Security News > 2021 > July > Cyber insurance model is broken, consider banning ransomware payments, says think tank
Cyber insurance isn't exactly driving organisations to improve their infosec practices, a think-tank has warned - and some insurers are thinking of giving up thanks to the impact of ransomware.
"To date, the shortcomings of cyber insurance mean that its impact is ultimately more limited than policymakers and businesses might hope," concluded the Royal United Services Institute's latest report, Cyber Insurance and the Cyber Security Challenge.

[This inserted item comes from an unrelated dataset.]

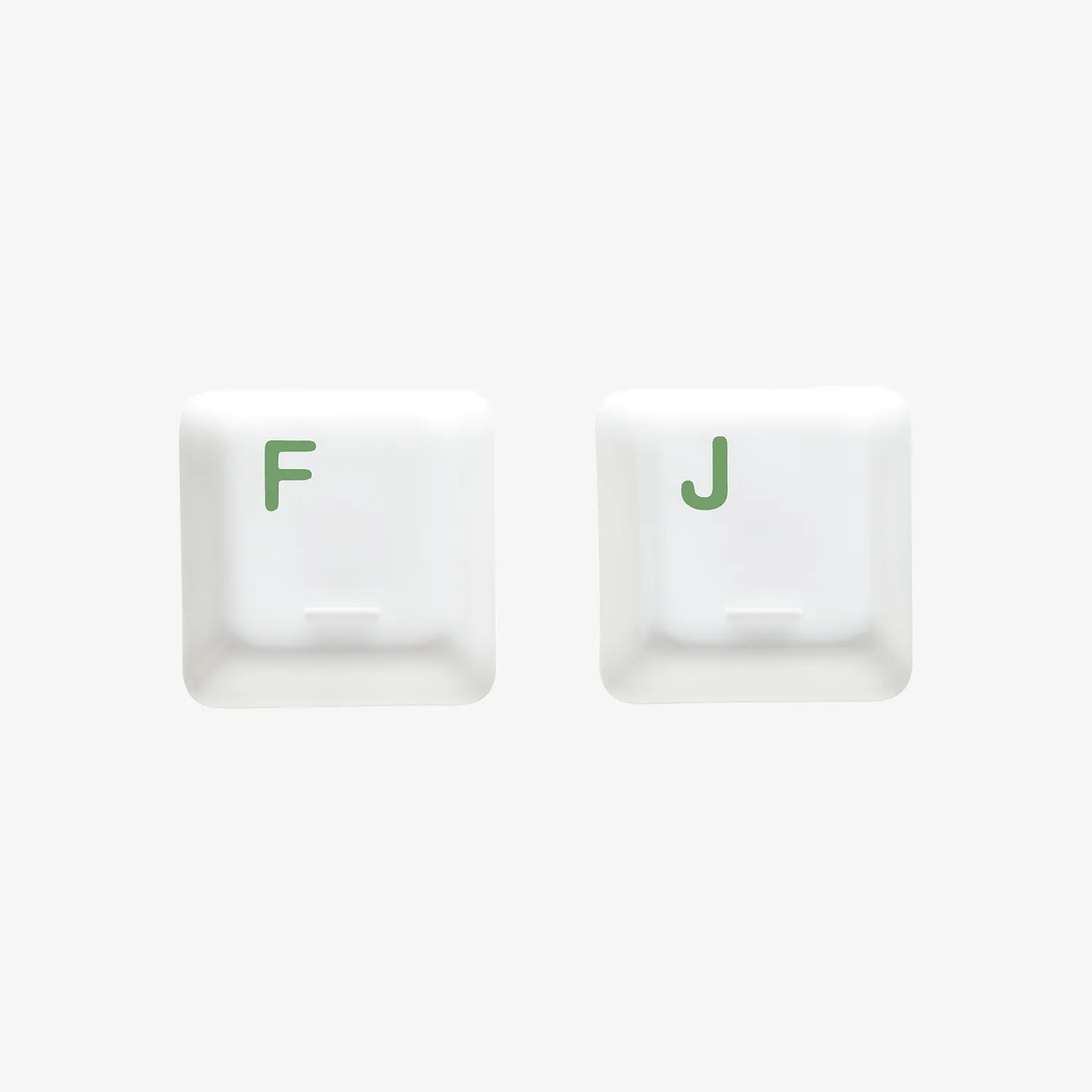 Cerakey I Set Homing F e J keycap ceramica bianco blank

"I think, based on what we've found, cyber insurance is not that silver bullet that maybe people were hoping or thought it was," report co-author Jason Nurse, a senior Lecturer in cyber security at the University of Kent told The Register.
In a world beset by all-but-untouchable ransomware gangs, cyber insurance has two selling points as far as politicians and political policymakers are concerned: insurance could help limit the financial damage to organisations hit by ransomware, while due diligence by insurers and their brokers could help force relative slackers to adopt better security hygiene.
The British government's view is that cyber insurance that pays ransoms to criminals is, as the National Cyber Security Centre put it last year, a matter for individual board members.
Although The Register asked whether it would condemn the use of cyber insurance to pay ransoms, the GCHQ offshoot wouldn't be drawn.